▸ **Exercise requirements**
Reproduce exactly, and solely, the lines running from the top of the data below through the line with "Doğum günü partisinde", both inclusive. Omit pictures.

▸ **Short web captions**
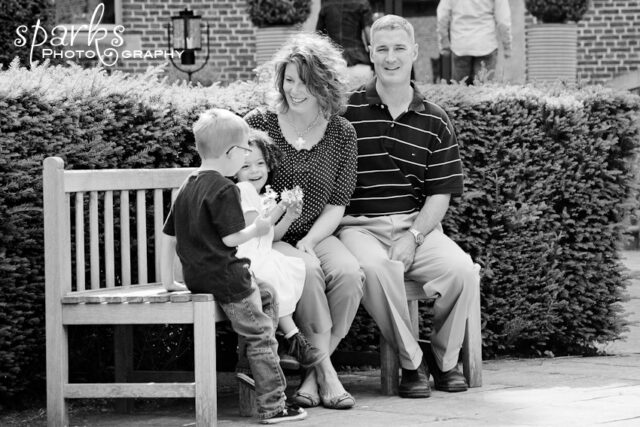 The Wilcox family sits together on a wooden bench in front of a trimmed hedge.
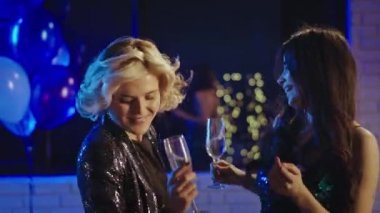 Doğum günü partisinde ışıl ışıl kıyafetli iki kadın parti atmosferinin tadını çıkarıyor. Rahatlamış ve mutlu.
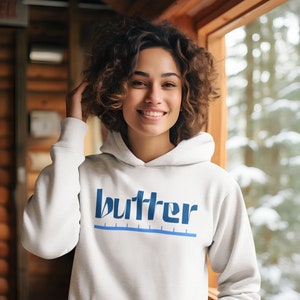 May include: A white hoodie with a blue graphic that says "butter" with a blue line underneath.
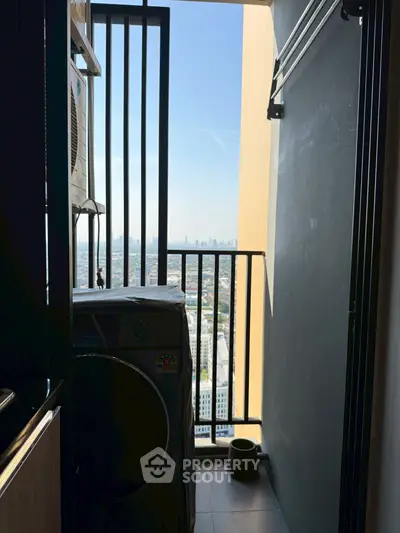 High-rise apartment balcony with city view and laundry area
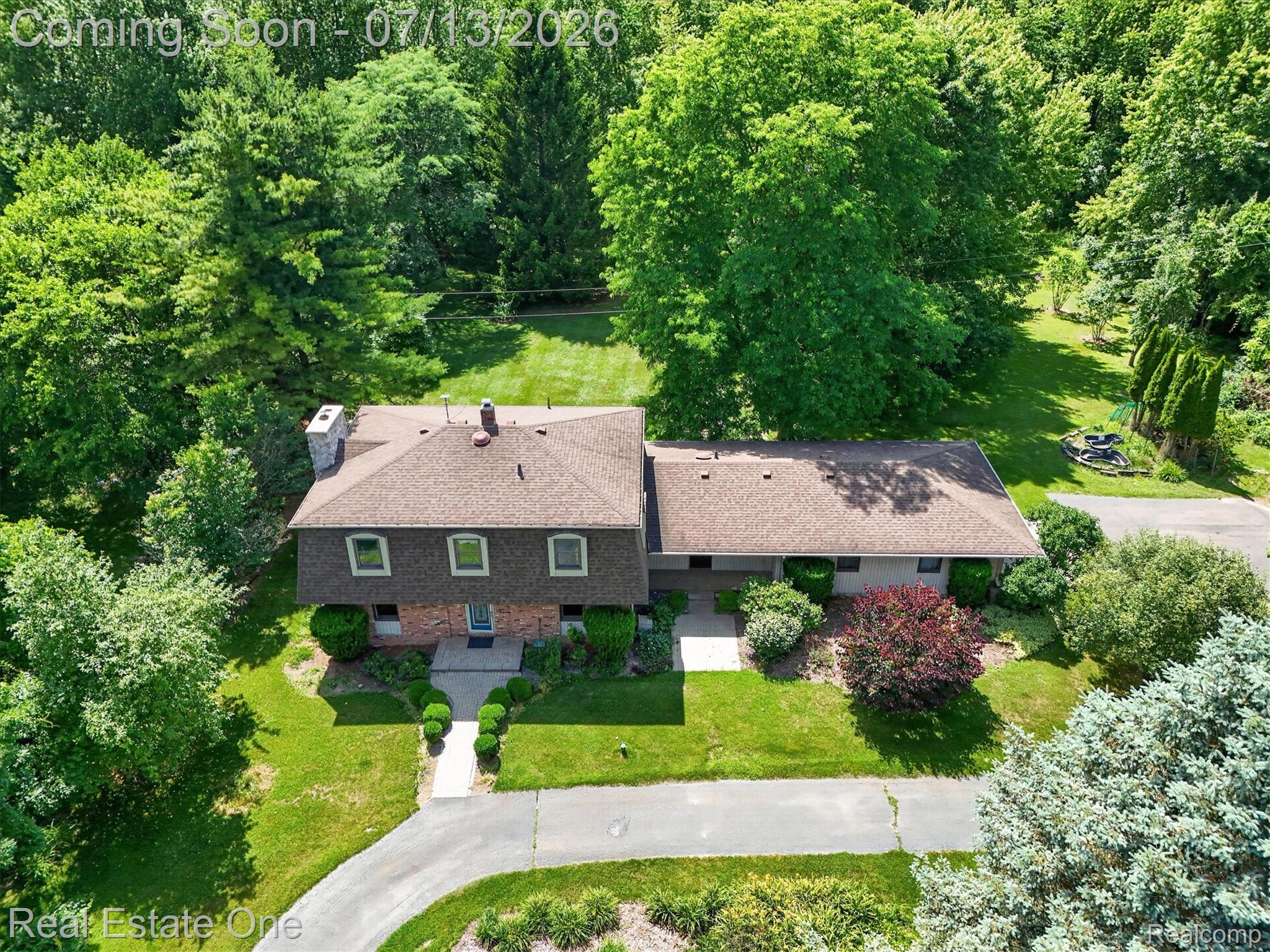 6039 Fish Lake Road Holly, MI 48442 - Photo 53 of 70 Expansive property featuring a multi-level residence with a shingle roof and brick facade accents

▸ **Answer area**
 The Wilcox family sits together on a wooden bench in front of a trimmed hedge.
 Doğum günü partisinde ışıl ışıl kıyafetli iki kadın parti atmosferinin tadını çıkarıyor. Rahatlamış ve mutlu.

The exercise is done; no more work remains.